My 18 month old loves these pancakes, and I love that they make such a healthy breakfast for her, and are so simple to make. She gobbles them up for breakfast everyday.
So, how great are these pancakes?
These pancakes are:
- gluten free (if you use gf oats)
- naturally sweetened
- wonderfully spiced with cinnamon, ginger, all spice and nutmeg
- super easy to make - all ingredients go into a blender or food processor!

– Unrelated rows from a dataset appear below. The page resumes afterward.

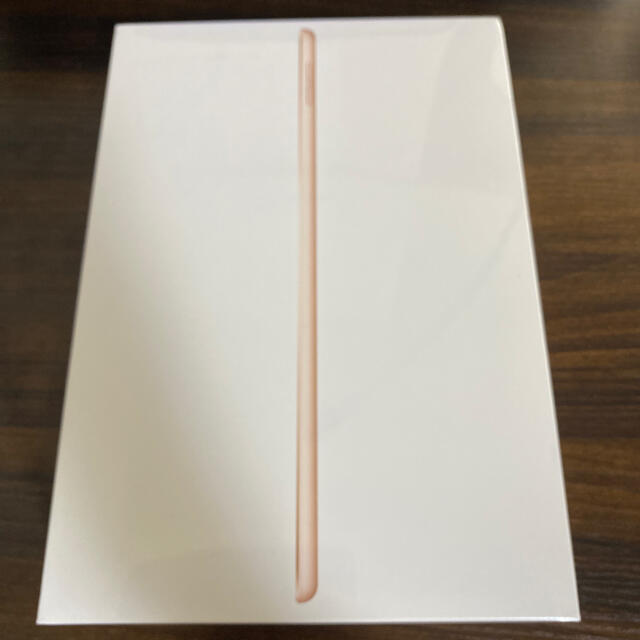 【新品】iPad 10.2インチ 第8世代Wi-Fi 32GB MYLC2J/Aスマホ/家電/カメラ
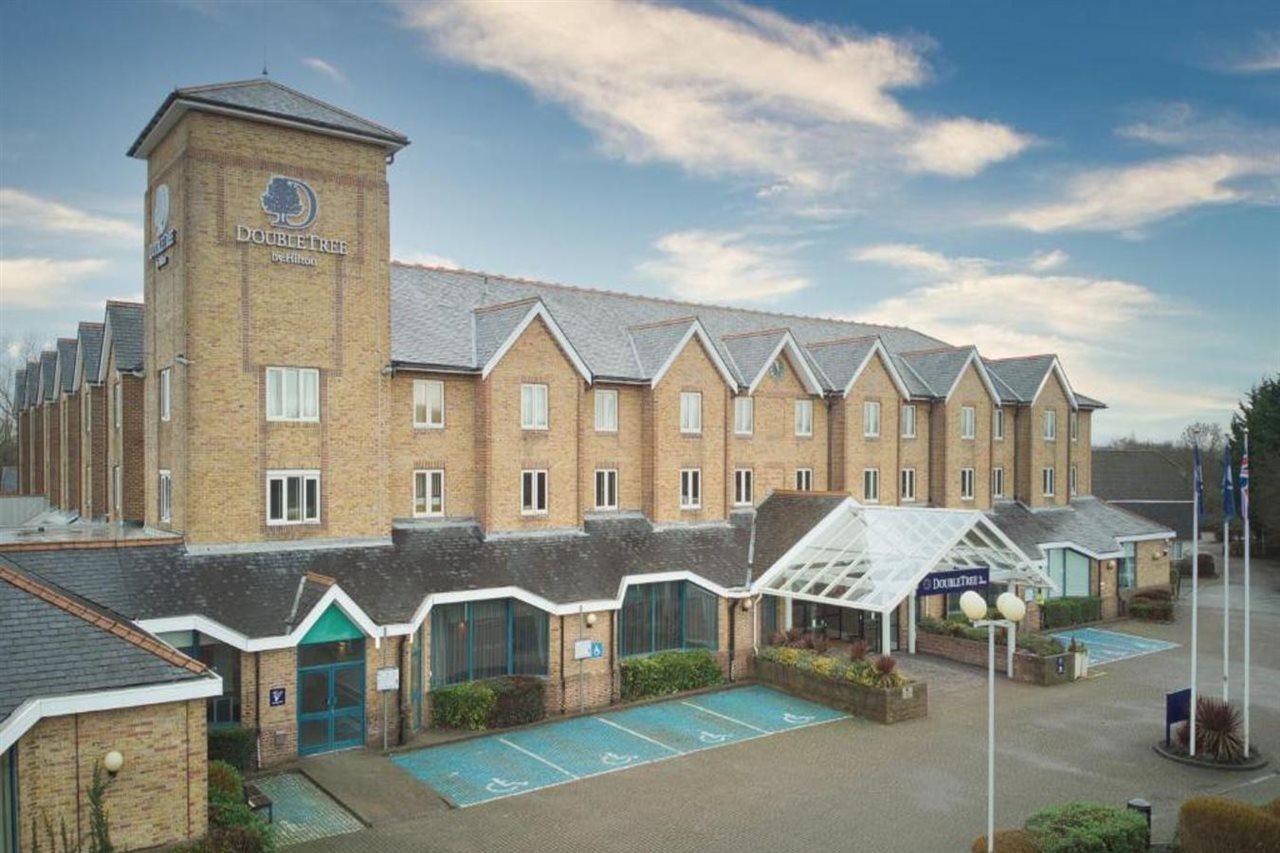Hotel Doubletree By Hilton London Elstree à Borehamwood Extérieur photo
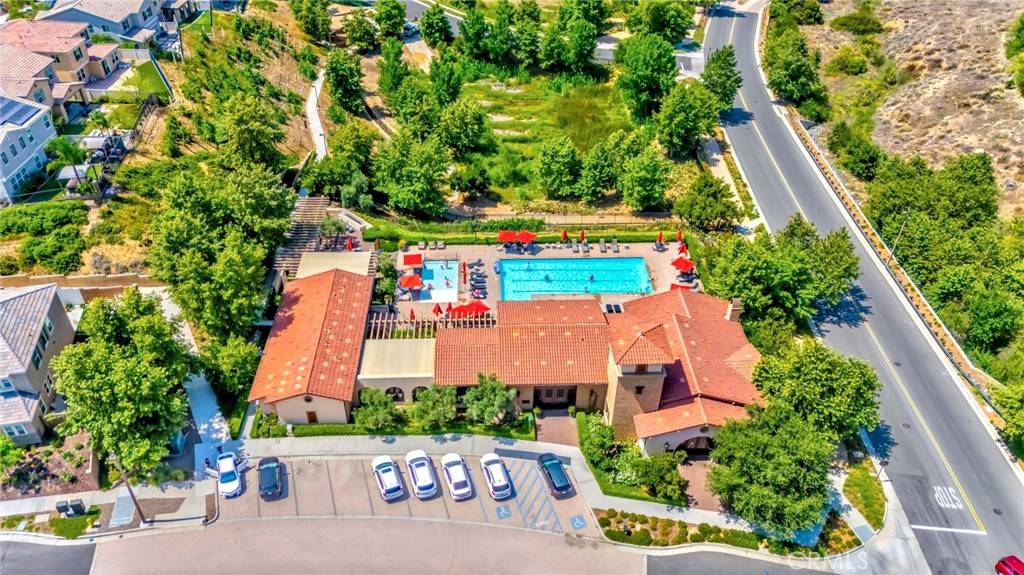 Corona, CA 92883,24679 Acadia DR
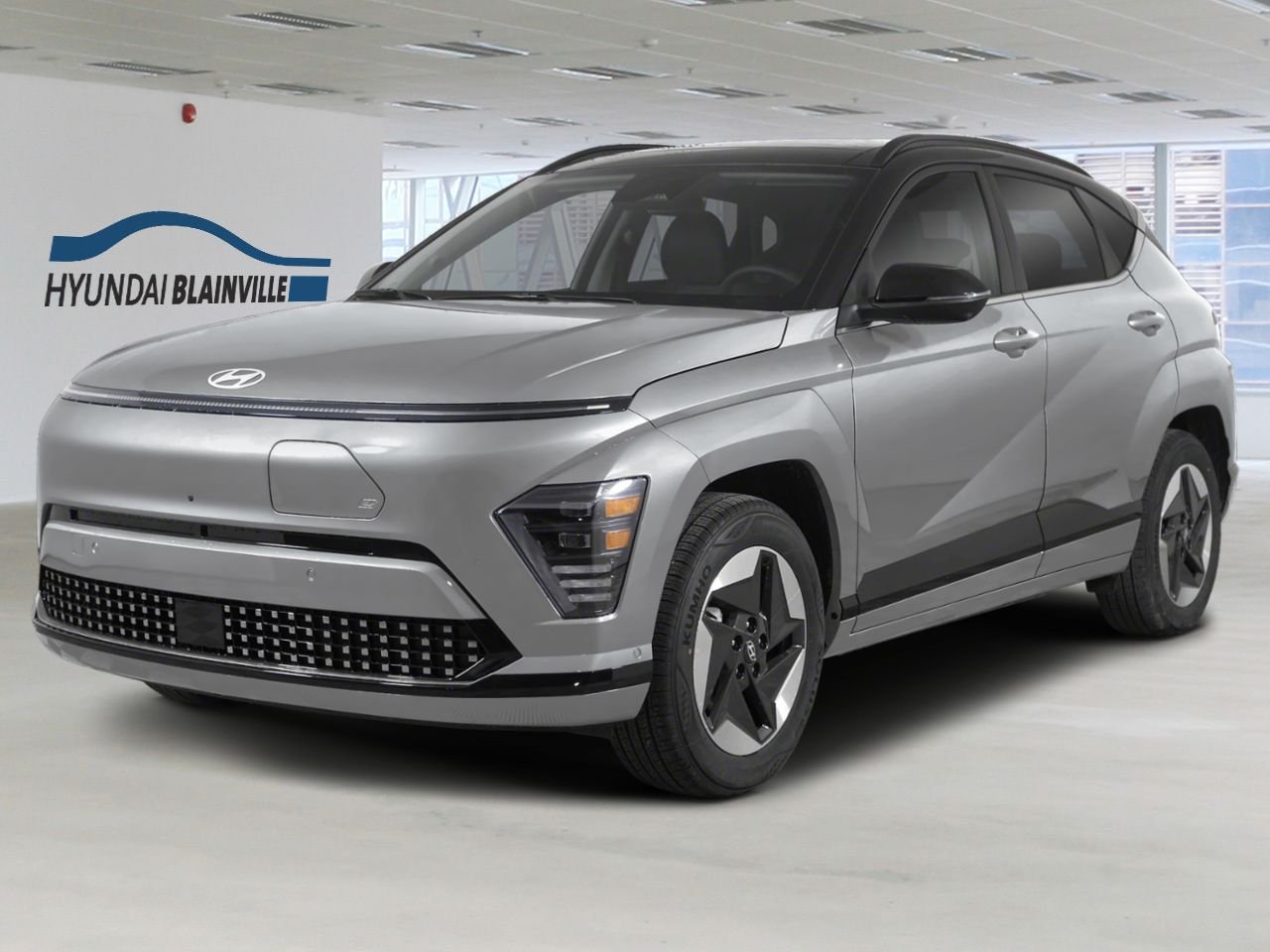 Hyundai Kona électrique 2026 Gris cybernétique avec toit Noir abyssal Blainville - photo #0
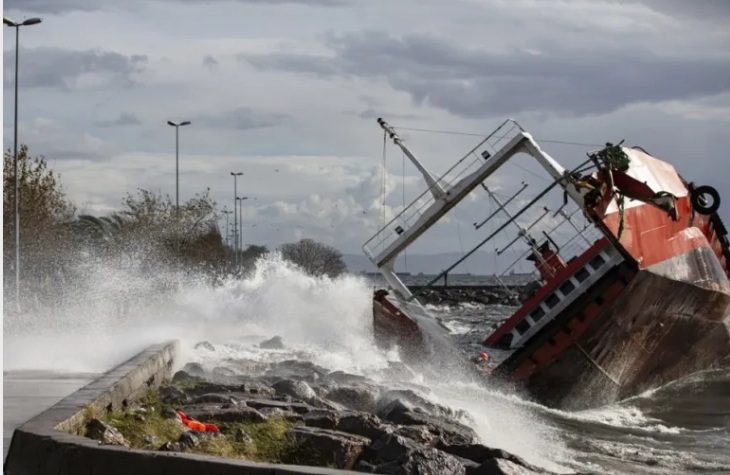 БРОДОЛОМ ВО ЦРНОТО МОРЕ: Потона турски товарен брод со 12 членови на екипажот во вчерашното невреме покрај турскиот брег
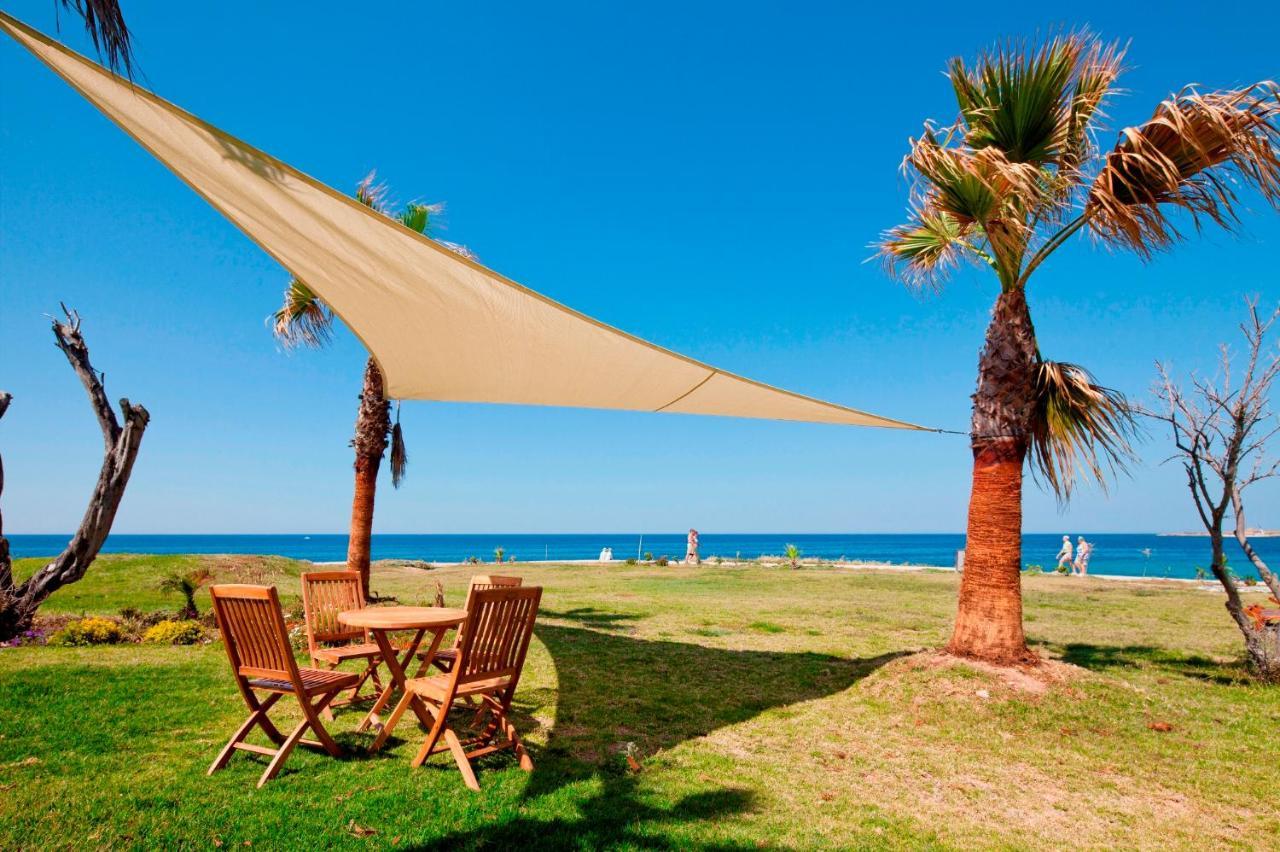 Gold Lagoon Kosher Hotel Paphos Extérieur photo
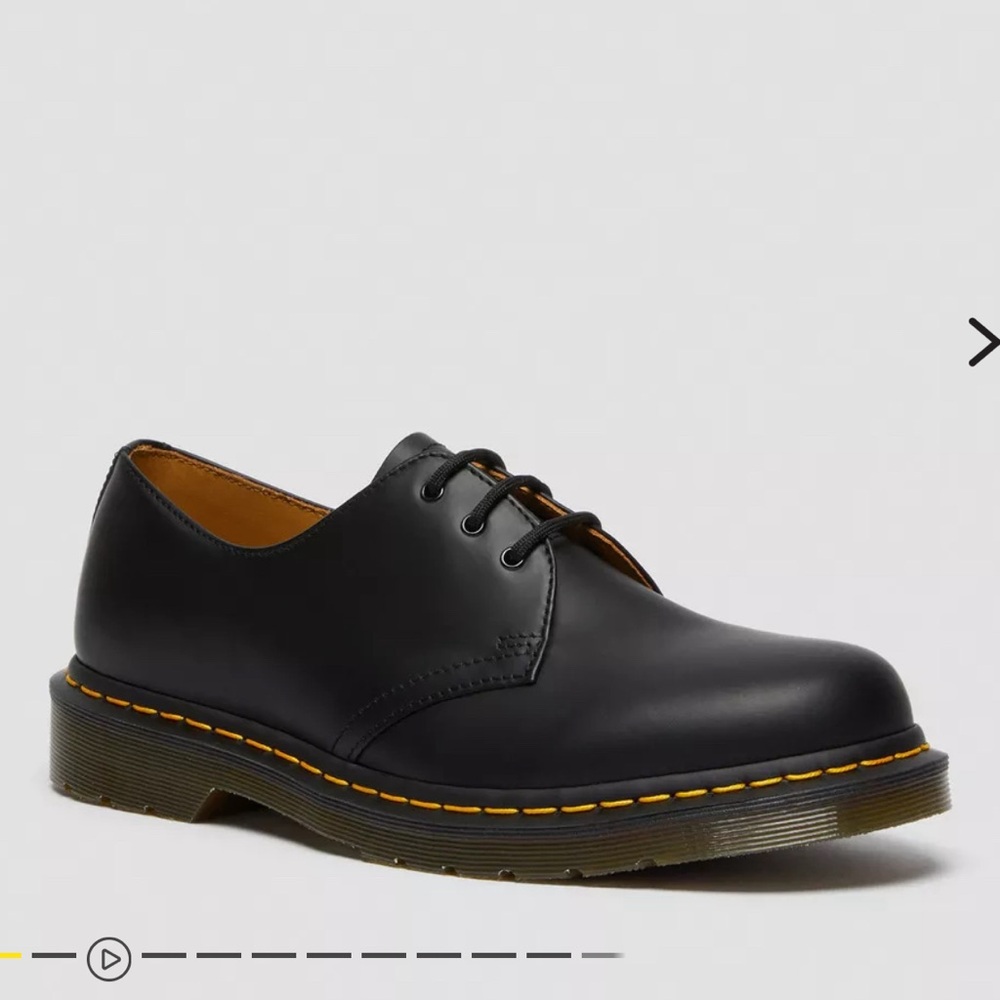 Dr. Martens Black Leather Oxford The Original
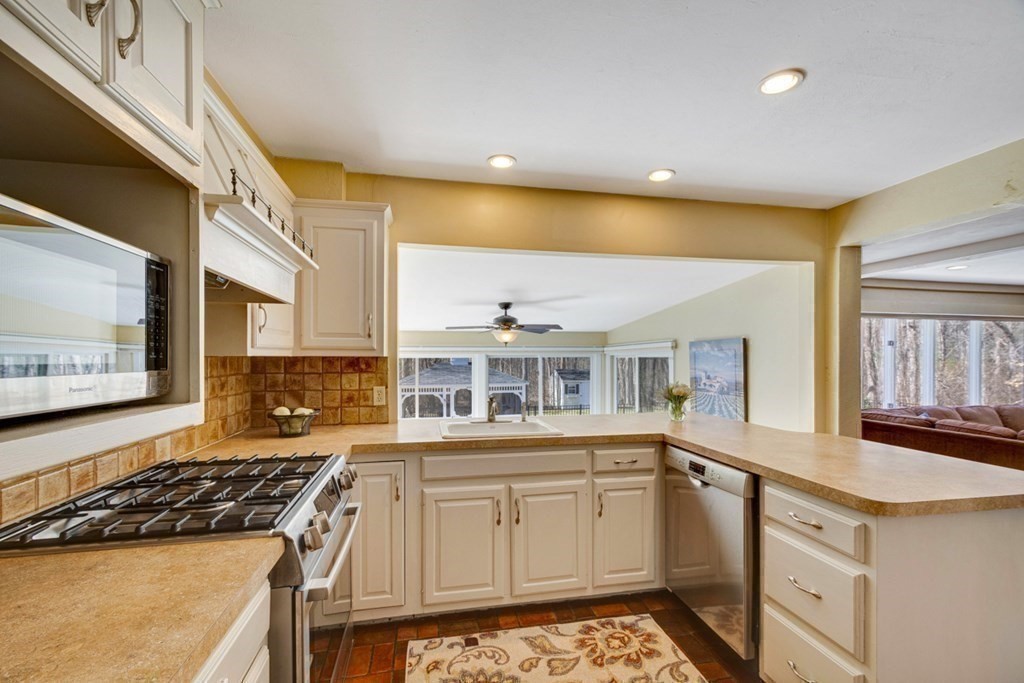 105 Hillside Road North Andover, MA 01845 - Photo 20 of 42 Gallery Image 20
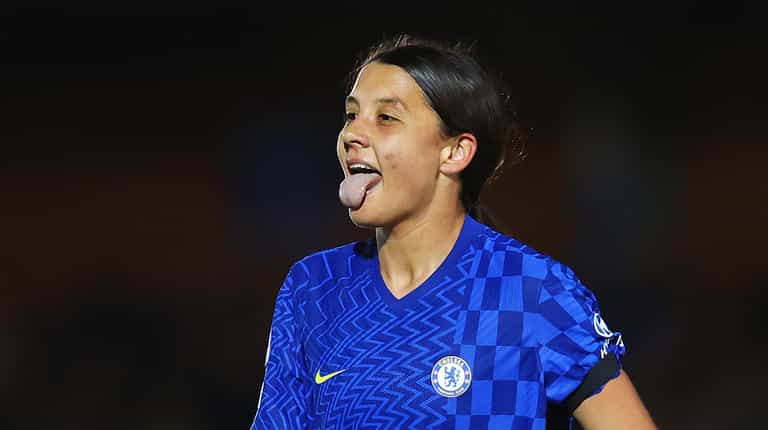 Sam Kerr drops pitch invader with shoulder charge during Chelsea Juventus clash Sam Kerr drops pitch invader with shoulder charge during Chelsea Juventus clash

- freezable - breakfast or a snack is ready when you need it
I love, love, love meals and snacks that are freezable. Any time-saving method is welcomed for me. Especially in the morning! I take a pancake out of the freezer and defrost it quickly in the microwave while I chop up some fruit. My toddler is so hungry in the morning and this quick, healthy breakfast is great for her and me.
Now how do I make these pancakes?
To make these pancakes, you will first add the oats to a blender or food processor. Blend or process until the oats are flour-like, then you can add in all the rest of the ingredients and combine.
If you would like to make these ahead of time, you can grind up the oats beforehand. I like to package the ground oats and set them aside until I need them. I do this because I make a few recipes with ground oats, like my Baby Banana & Apple Muffins. When I want to prepare this recipe, I place the ground oats and all the rest of the ingredients into a large bowl and then stir to combine.
Store these pancakes airtight in the refrigerator for 1 week or freeze for up to 2 months. Reheat frozen pancakes in the microwave or by toasting them in the toaster.
- 1 cup oats
- 1 banana, ripe
- 1 large egg
- ½ cup milk
- 1 tsp vanilla extract
- 1 ½ tsp cinnamon
- ½ tsp dried ginger
- ¼ tsp nutmeg
- ¼ tsp allspice
- 1 tsp baking powder
- Blend or process the oats in a blender or a food processor until ground.
- Add in all the remaining ingredients to the blender or food processor, and blend until combined.
- Heat a greased frying pan over medium heat. Pour ¼ cup of pancake batter into the frying pan and cook until surface bubbles appear. Flip the pancake and cook for another 2 minutes. Continue this process until the batter is gone.
- Pancakes can be refrigerated in an airtight container for 1 week. They can also be frozen for up to 2 months. Reheat in a microwave or in a toaster.